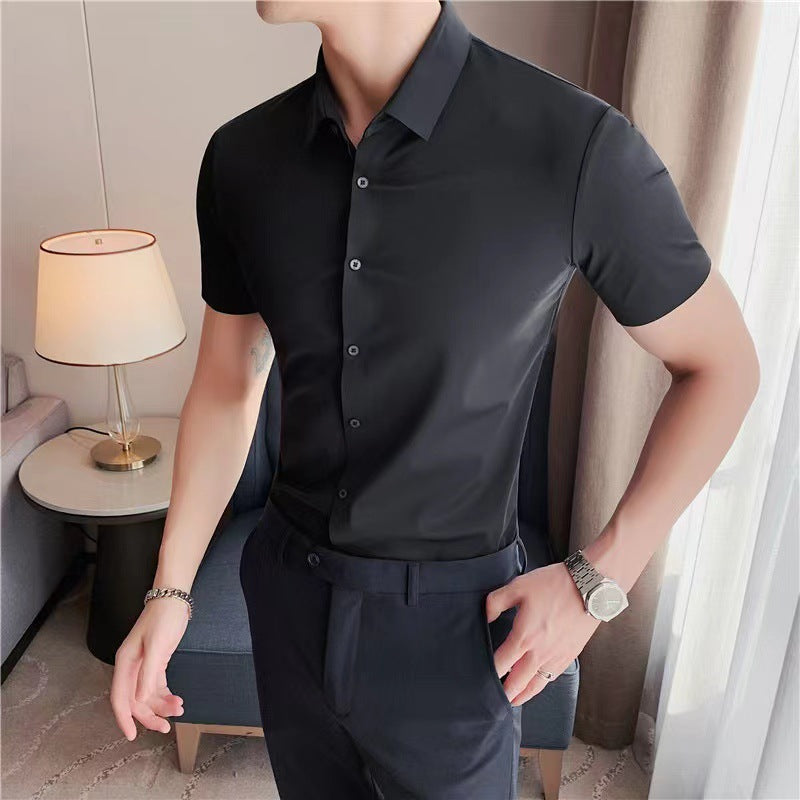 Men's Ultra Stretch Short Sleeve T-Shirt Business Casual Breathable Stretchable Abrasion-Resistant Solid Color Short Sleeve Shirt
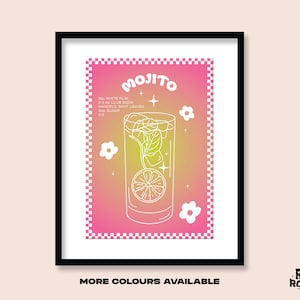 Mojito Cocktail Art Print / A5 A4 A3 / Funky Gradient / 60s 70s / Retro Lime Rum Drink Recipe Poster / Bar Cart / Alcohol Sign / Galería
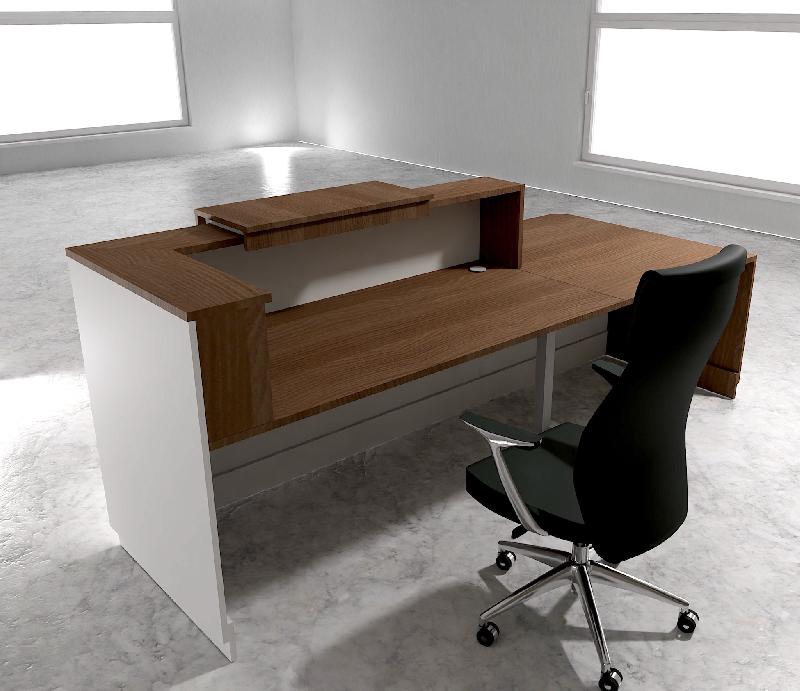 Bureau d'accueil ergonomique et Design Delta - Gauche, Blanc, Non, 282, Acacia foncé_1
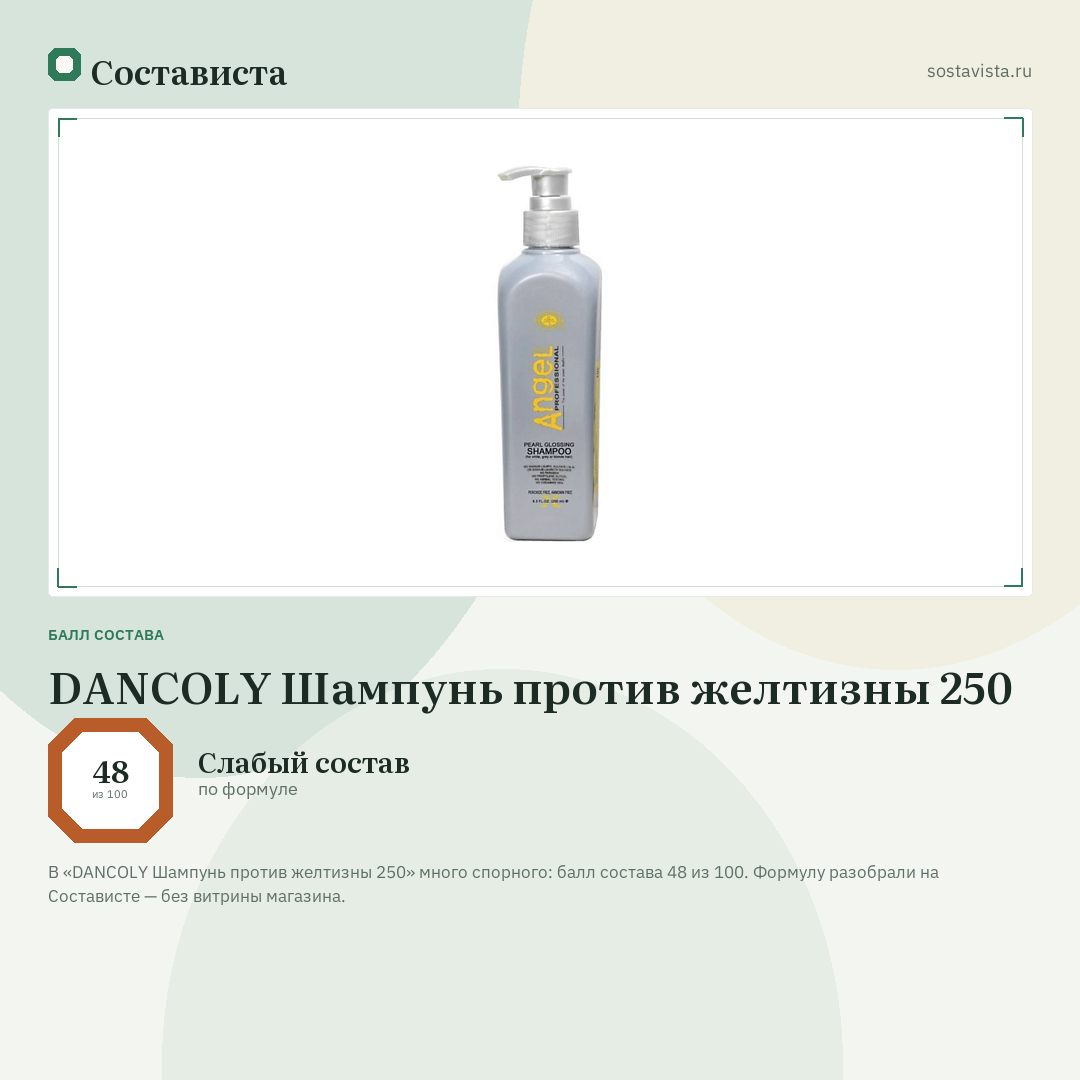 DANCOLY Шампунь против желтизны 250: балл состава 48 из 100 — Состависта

==

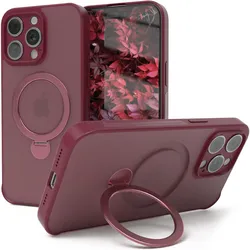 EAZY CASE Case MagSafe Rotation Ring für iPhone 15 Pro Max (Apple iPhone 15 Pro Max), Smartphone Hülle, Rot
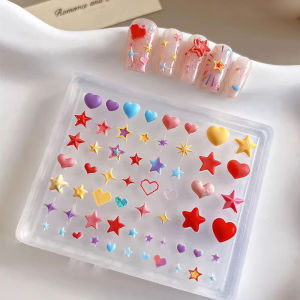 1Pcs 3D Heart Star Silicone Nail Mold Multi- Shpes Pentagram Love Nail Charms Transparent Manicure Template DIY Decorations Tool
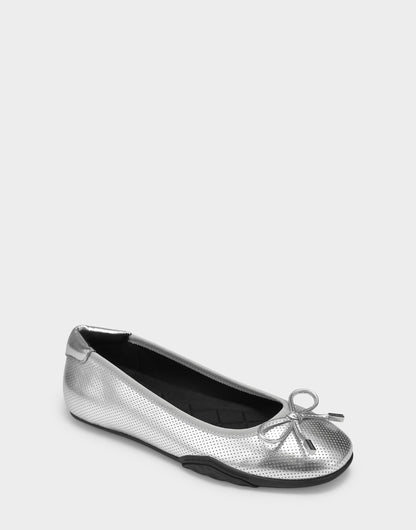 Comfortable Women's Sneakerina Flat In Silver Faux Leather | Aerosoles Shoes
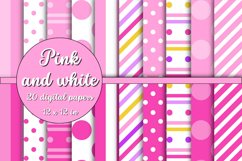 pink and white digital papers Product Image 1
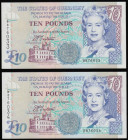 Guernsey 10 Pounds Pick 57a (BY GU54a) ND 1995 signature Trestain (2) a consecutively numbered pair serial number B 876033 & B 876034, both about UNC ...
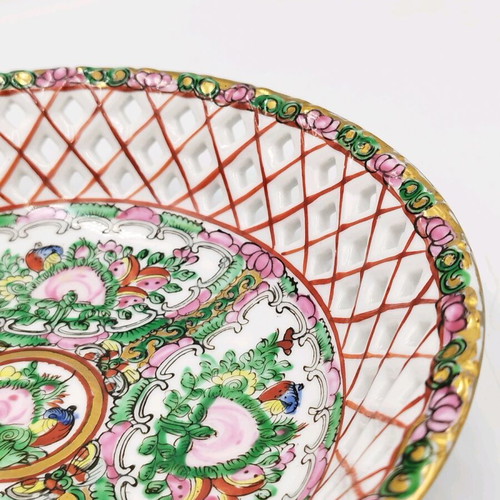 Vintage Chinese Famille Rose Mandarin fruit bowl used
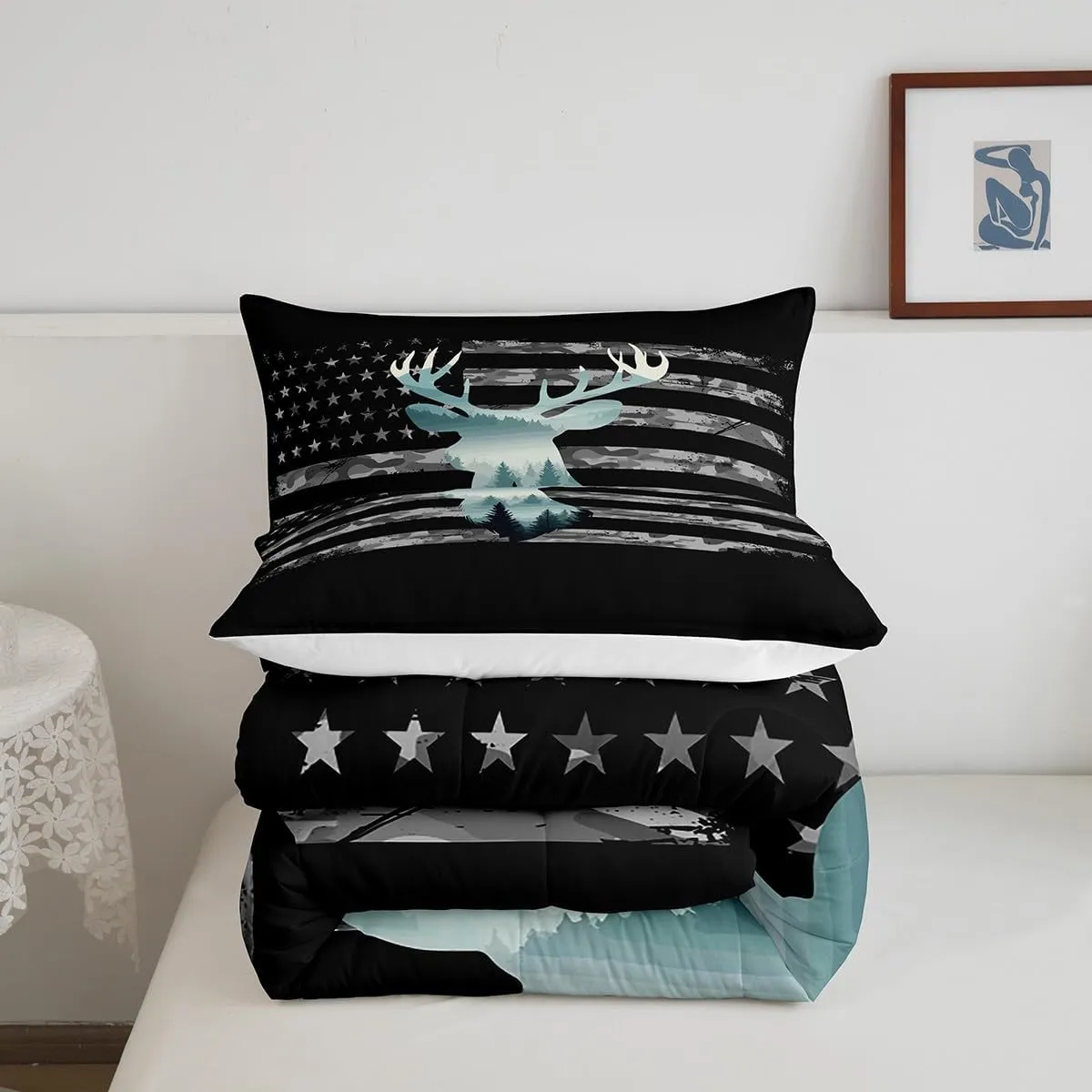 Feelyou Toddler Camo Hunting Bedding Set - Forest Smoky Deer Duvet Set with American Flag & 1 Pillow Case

==

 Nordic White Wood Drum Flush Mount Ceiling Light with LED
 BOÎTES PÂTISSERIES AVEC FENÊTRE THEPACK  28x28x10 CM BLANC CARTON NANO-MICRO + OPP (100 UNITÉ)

:: Exercise ::
Write out the lines above from the one with "Men's Ultra Stretch" through the one with "Bureau d'accueil ergonomique", ends included, exactly; no picture goes in.

:: Your response ::
 Men's Ultra Stretch Short Sleeve T-Shirt Business Casual Breathable Stretchable Abrasion-Resistant Solid Color Short Sleeve Shirt
 Mojito Cocktail Art Print / A5 A4 A3 / Funky Gradient / 60s 70s / Retro Lime Rum Drink Recipe Poster / Bar Cart / Alcohol Sign / Galería
 Bureau d'accueil ergonomique et Design Delta - Gauche, Blanc, Non, 282, Acacia foncé_1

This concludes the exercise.